Greek-American dishes are no longer the star. Avgolemo, the popular egg-lemon-orzo soup, is there, along with Greek salads, but dishes like moussaka and spanakopita (spinach and feta baked in a phyllo crust, $8.70) show up only as daily specials. The new menu takes a gentle look at New World with starters like large, crisp spring rolls, sliced on the slant into four pretty packages stuffed with chicken, black beans, corn and green onions and drizzled with sweet dipping sauces ($5.60). A more adventurous offering is tuna sashimi, seared outside, raw inside, served with crispy rice noodles, pickled ginger and a gentle wasabi soy Dijonnaise sauce ($5.90). It's a new notion in this neighborhood, one I didn't see flying out of the kitchen. Try it, folks, and discover a taste the rest of Tampa Bay has heartily embraced.
Big bowls of pasta are a clear customer favorite. Linguini amatriciana ($9.90) is a huge bowl of linguine smothered in spicy, rustic tomato sauce flavored with pancetta (Italian bacon), fontina cheese, garlic and fresh basil, with enough red pepper to make you mop your forehead. Like all entrees, it comes with crusty bread, herb-infused olive oil for dipping, and a huge salad, either the Greek with a lemony vinaigrette or the bistro salad with spring greens, bleu cheese, walnuts, sliced strawberries and a raspberry vinaigrette. In addition, grilled entrees come with a choice of sun-dried tomato orzo, baked sweet or white potato, garlic smashed potatoes or sauteed fresh vegetables. No one goes hungry here!
I counted baby back ribs in a sweet sauce ($9.99 a slab, $13.90 whole) at a third of the tables. Meat loaf, cut in thick slabs, stacked against a mound of garlic smashed potatoes and drizzled with basil marinara sauce ($8.90) is another crowd pleaser. Newer takes on entrees are a thick filet of yellow fin tuna, grilled and glazed with a sweet teriyaki and topped with tropical fruit salsa ($18.90). The succulent fish, nicely crisped on the outside, showed a sure hand was running the grill.
In fact, the best dishes I tasted were those that had — no surprise — grill marks. A big, juicy porterhouse-cut pork chop, grilled and glazed with a sweet mango sauce, was as fine a cut of meat as I've had anywhere ($13.90). For beef, go for the house signature steak, a New York Strip cut of Certified Black Angus Beef, with a lovely charred crust and a glaze of Jack Daniel's steak sauce (10-ounce $15.50, 14-ounce $17.90). Between my visits, the menu was already moving away from highly stacked and skewered New World styling, but I'll bet this tasty selection of grilled steaks and chops remains unchanged long into the future.

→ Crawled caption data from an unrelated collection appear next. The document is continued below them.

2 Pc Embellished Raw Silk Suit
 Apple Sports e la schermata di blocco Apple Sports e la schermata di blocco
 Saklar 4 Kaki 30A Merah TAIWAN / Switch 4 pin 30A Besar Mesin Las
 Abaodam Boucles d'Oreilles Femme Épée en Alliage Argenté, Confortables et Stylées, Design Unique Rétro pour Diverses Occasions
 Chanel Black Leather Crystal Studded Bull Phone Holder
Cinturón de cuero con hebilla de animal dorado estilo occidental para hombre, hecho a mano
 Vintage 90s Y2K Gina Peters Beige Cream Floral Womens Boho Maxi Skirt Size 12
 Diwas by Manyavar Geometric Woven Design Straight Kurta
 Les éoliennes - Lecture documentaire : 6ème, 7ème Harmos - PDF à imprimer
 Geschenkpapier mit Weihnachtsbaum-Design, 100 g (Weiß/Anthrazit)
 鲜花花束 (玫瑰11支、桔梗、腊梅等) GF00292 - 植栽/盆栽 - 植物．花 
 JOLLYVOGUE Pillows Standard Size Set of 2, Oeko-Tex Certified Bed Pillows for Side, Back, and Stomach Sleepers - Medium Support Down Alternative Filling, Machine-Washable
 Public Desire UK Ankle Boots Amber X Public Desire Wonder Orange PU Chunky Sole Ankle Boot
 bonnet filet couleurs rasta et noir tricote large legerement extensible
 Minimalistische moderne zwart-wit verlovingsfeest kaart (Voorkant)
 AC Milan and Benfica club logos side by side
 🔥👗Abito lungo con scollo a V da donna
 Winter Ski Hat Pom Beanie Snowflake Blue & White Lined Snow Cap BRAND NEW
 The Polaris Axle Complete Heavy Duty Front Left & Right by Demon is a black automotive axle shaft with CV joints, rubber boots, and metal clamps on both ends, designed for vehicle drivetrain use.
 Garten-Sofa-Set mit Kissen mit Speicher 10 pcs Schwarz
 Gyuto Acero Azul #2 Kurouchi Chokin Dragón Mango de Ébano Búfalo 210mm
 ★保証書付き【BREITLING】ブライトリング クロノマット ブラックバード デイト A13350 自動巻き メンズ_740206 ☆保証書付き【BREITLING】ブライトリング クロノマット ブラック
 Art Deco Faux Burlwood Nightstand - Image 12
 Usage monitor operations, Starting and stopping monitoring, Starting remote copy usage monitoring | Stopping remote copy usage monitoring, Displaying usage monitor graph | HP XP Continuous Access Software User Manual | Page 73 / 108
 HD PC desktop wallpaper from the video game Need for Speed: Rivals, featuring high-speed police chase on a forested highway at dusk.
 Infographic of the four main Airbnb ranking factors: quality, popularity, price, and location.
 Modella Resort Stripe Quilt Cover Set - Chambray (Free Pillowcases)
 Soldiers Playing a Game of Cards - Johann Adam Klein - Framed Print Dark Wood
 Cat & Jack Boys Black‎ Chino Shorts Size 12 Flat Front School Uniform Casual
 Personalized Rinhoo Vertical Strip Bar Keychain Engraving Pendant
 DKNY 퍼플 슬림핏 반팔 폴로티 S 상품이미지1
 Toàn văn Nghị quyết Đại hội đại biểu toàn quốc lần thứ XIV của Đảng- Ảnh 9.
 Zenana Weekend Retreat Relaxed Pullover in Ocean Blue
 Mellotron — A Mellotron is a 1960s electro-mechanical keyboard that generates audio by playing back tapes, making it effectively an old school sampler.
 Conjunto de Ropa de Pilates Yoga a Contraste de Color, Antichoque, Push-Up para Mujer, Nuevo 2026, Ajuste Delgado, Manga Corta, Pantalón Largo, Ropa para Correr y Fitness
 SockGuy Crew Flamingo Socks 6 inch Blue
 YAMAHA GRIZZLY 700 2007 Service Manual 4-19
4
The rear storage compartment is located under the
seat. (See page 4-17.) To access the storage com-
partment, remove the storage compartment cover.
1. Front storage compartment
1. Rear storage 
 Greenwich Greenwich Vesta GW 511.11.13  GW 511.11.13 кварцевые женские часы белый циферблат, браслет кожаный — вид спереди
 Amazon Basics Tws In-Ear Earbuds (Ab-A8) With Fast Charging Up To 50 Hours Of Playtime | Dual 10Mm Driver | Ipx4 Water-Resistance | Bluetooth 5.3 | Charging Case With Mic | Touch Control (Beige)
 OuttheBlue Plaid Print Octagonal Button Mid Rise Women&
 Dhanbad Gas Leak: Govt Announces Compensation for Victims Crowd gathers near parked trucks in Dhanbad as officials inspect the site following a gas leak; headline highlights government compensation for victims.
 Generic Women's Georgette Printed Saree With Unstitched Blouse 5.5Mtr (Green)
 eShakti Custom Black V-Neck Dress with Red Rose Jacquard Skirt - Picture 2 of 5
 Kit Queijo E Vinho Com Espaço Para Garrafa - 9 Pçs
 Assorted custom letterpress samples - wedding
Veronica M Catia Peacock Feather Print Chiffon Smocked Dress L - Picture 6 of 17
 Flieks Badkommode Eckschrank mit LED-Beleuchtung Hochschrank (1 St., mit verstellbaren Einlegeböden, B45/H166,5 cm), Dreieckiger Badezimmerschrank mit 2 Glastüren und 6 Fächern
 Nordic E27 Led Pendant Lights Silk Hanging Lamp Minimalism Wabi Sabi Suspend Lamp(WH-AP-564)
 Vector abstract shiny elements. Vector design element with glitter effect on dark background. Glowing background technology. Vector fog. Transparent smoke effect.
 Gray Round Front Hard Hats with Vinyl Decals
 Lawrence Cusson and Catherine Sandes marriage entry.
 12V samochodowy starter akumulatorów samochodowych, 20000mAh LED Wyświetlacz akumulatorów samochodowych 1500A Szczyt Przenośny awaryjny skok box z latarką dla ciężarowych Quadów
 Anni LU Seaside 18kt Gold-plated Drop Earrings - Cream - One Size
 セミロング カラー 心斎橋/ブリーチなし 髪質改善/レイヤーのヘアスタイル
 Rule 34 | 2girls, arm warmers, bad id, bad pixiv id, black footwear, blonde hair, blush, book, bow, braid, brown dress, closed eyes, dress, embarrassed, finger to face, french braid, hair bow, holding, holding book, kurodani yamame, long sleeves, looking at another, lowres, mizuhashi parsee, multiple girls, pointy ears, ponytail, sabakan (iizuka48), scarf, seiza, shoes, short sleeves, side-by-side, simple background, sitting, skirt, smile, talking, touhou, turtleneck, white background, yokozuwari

There's a modest, though well-selected wine list, with many bottles ranging from $15 to $22, many available by the glass, and an upbeat dessert menu with fun offerings, like chocolate ganache served as a tennis ball-size truffle and pistachio creme brulee garnished with caramel-glazed bananas.
As Grillmarks transforms, it walks a precarious path between honoring the old while tempting us to try the new. Nowhere are the pitfalls of change more apparent than in service, which, like the menu, sometimes teeters between "What kin I gitcha, honey?" and "Would you care for something from the bar?" Dirty dishes linger far too long on the table, and in a place where huge servings guarantee take-homes, staff should be prepared to do more than drop Styrofoam containers in your lap. Take a cue from the stylish service at Tampa's Blue Gardenia, where take-homes are whisked away to the kitchen and returned, nicely packaged, with your check — a consideration so classy it should be declared the Leftover Law.